Si cela ne suffit pas, le céleste cultivateur emploie l’instrument tranchant et douloureux des épreuves, de la souffrance et des renoncements qu’il impose à ses enfants. Car ce qu’il veut à tout prix, c’est qu’ils portent plus de fruit. Jésus, se tournant vers ses disciples, les rassura au sujet de ce mot sévère : il nettoie tout sarment qui porte du fruit.Déjà ils furent nets, purs : au moyen de la parole divine que Jésus leur annonça, un principe impérissable de vie nouvelle fut déposé dans leur cœur, et s’y développa peu à peu jusqu’à la perfection.

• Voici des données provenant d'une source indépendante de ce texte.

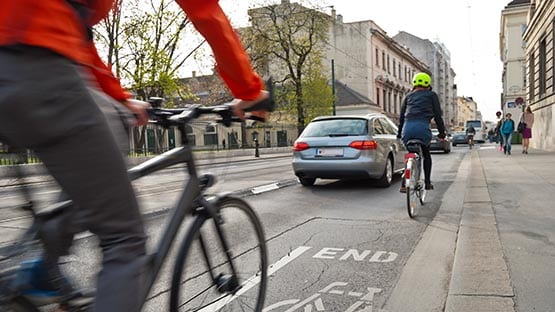 bicycle cyclist helmet bicyclist bike lane traffic city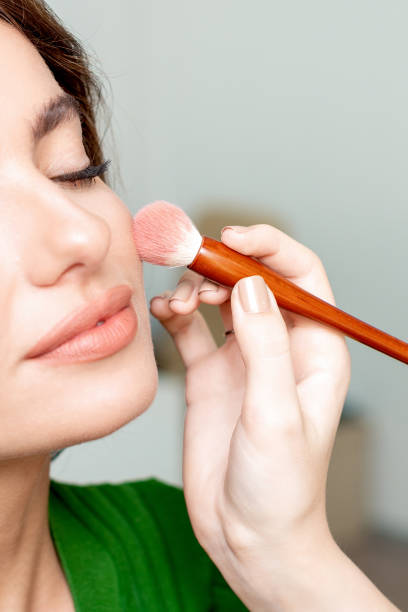 istock Makeup artist applies tonal. 1216388596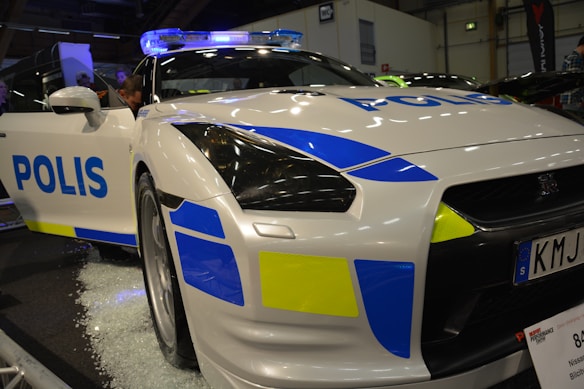 A white sports car marked as a police vehicle with 'Polis' written on it in blue letters. The car features yellow and blue geometric patterns and is equipped with a blue light bar on the roof. The image is taken indoors, possibly at an exhibition or show, as people are visible around the car with some standing with the car door open.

Jésus invita ses disciples à renoncer constamment à tout mérite propre, à toute sagesse propre, à toute volonté et à toute force propres, ce qui fut, pour eux, la condition d’une communion vivante avec lui. «Si vous le faites, je demeurerai en vous, comme la source intarissable de votre vie spirituelle. Sinon, vous vous condamneriez à la stérilité du sarment séparé du cep

Afin de rendre plus frappante encore la conséquence négative qui précède, Jésus déclara solennellement que ce fut lui qui fut le cep et que ses disciples furent les sarments ; pour conclure qu’en lui, ils porteront beaucoup de fruit, mais que, hors de lui, ils n’en porteraient aucun, pas plus que le sarment séparé du cep. Mais ce fruit, qui le porte ?

Celui-là seul qui demeure en moi, dit Jésus ; d’où il résulte que c’est l’Esprit de Christ, qui, comme la sève du cep dans le sarment, nous fait seul porter du fruit; c’est ce que confirme le fait d’expérience que nous hors de Christ, comme le sarment détaché du cep, ne pouvons rien produire, rien de véritablement bon, rien qui supporte le regard du Dieu saint et qui lui soit agréable.

Le thème ici formulé n’est pas celui de l’impuissance morale de l’homme naturel pour tout bien ; c’est celui de l’infécondité du croyant laissé à sa force propre, quand il s’agit de produire ou d’avancer la vie spirituelle, la vie de Dieu, en lui ou chez les autres.

Non seulement celui qui ne demeure pas en Jésus, dans une communion vivante avec lui, ne peut rien faire, mais il va au-devant d’une succession de jugements terribles. Le sarment séparé du cep est d’abord jeté dehors, hors de la vigne qui représente le royaume de Dieu, et il sèche nécessairement, puisqu’il ne reçoit plus la sève du cep. Qu’on pense à Judas, par exemple dont Jésus annonça la ruine.

Ce jugement, moralement accompli dès maintenant, aura au dernier jour son issue tragique que décrivirent les paroles : «On ramasse ces sarments, et on les jette au feu et ils brûlent» Dans la parabole, ce sont les serviteurs du vigneron ; dans la réalité, ce sont les anges de Dieu. Après avoir prononcé ces redoutables paroles, Jésus revint avec tendresse à ses disciples qui demeurèrent en lui, et il leur promit les grâces les plus précieuses : toutes leurs prières furent exaucées et ils eurent le bonheur de glorifier Dieu par des fruits abondants.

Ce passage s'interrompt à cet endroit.